Esperando pelo elevador, Barney pensou: Talvez fosse realmente Leo. E talvez seja verdade.
De modo que não posso ter sucesso sem Palmer Eldritch.
Anne tinha razão. Eu devia ter dado a ela metade do pacote e nós dois poderíamos ter tentado isto juntos. Anne, Palmer... é tudo o mesmo, tudo a mesma coisa para ele, o criador. É isso quem e o quê ele é, compreendeu. O dono desses mundos. O resto de nós apenas habita esses mundos e, quando quer, ele pode viver neles, também. Pode derrubar com um pontapé o cenário, manifestar-se, empurrar as coisas na direção que escolher. Mesmo ser um de nós, se quiser. Todos nós, na verdade, se desejar. Eterno, fora do tempo e dos segmentos justapostos de todas as outras dimensões... ele pode mesmo penetrar num mundo onde está morto.
Palmer Eldritch fora a Prox como homem e voltara como um deus.
Em voz alta, enquanto esperava pelo elevador, disse:
— Palmer Eldritch, ajude-me. Consiga-me minha esposa de volta. — Olhou em torno de si, mas não havia ninguém para ouvi-lo.
Chegou o elevador. As portas deslizaram para os lados. Dentro havia quatro homens e duas mulheres, calados.
Todos eles eram Palmer Eldritch. Homens e mulheres iguais: braço artificial, dentes de aço inoxidável... rosto lívido, encovado, com olhos Jensen.
Virtualmente em uníssono, mas não inteiramente como se competindo entre si pela oportunidade de falar, os seis disseram:
— A partir daqui você não vai poder voltar ao seu próprio mundo, Mayerson. Desta vez, você foi longe demais, tomou uma superdose maciça. Como lhe avisei quando a tomou de mim no alojamento.
— Você não pode me ajudar? — perguntou Barney. — Preciso voltar.

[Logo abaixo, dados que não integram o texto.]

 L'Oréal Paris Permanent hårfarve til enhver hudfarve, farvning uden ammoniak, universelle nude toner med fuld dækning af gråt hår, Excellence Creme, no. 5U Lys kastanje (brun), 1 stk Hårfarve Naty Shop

— Você não compreende — disseram todos os Palmer Eldritches, sacudindo coletivamente a cabeça. Era o mesmo movimento que Leo acabara de fazer e o mesmo firme não. — Como lhe foi observado: desde que este é seu futuro, você já está firmemente instalado aqui. De modo que não há lugar para você. Isto é uma questão de lógica simples. Para quem devo capturar Emily? Para você? Ou para o Barney Mayerson legítimo que viveu naturalmente até este momento? E não pense que ele não tentou levar Emily de volta. Você não acha — e obviamente não achou — que quando os Hnatt se separaram ele fez seu movimento? Fiz o que pude por ele. Isso aconteceu há muitos meses, pouco depois de Richard Hnatt ter sido enviado para Marte, debatendo-se e protestando o caminho todo. Pessoalmente, não culpo Hnatt. Foi uma sujeira o que fizeram com ele, tudo tramado por Leo, claro. E olhe só para você mesmo. — Os seis Palmer Eldritch fizeram um gesto de desdém. — Você é um fantasma, como Leo disse. Literalmente, podemos ver através de você. Numa terminologia mais exata, vou dizer o que você é. — Dos seis partiu a calma, fria, declaração: — Você é um espectro.

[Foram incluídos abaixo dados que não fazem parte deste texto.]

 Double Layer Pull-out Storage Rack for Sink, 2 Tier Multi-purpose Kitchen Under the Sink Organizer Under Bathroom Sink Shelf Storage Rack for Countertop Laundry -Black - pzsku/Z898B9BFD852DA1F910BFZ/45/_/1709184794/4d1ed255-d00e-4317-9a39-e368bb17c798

Barney olhou-os fixamente e eles olharam-no fixamente, plácidos, insensíveis.
— Tente construir sua vida sobre essa premissa — continuaram os Eldritch. — Bem, você conseguiu o que São Paulo promete, aquilo sobre o que Anne Hawthorne esteve dissertando. Você não está mais revestido de um corpo perecível, corporal... em lugar dele, vestiu um corpo etéreo. Que tal acha ele, Mayerson? — O tom era zombeteiro, mas a compaixão transpareceu nos seis rostos, mostrou-se nos estranhos olhos estriados, mecânicos, de todos eles. — Você não pode morrer. Não come, nem bebe, nem respira... mas pode, se desejar, atravessar paredes, na verdade qualquer objeto material. Aprenderá isso com o tempo. Evidentemente, na estrada para Damasco, Paulo experimentou uma visão relativa a esse fenômeno. Isso e muito mais. — E os Eldritches acrescentaram: — Estou inclinado, como você vê, a demonstrar alguma simpatia pelo ponto de vista dos primitivos e dos neocristãos, como o que Anne sustenta. Ajuda a explicar diversas coisas.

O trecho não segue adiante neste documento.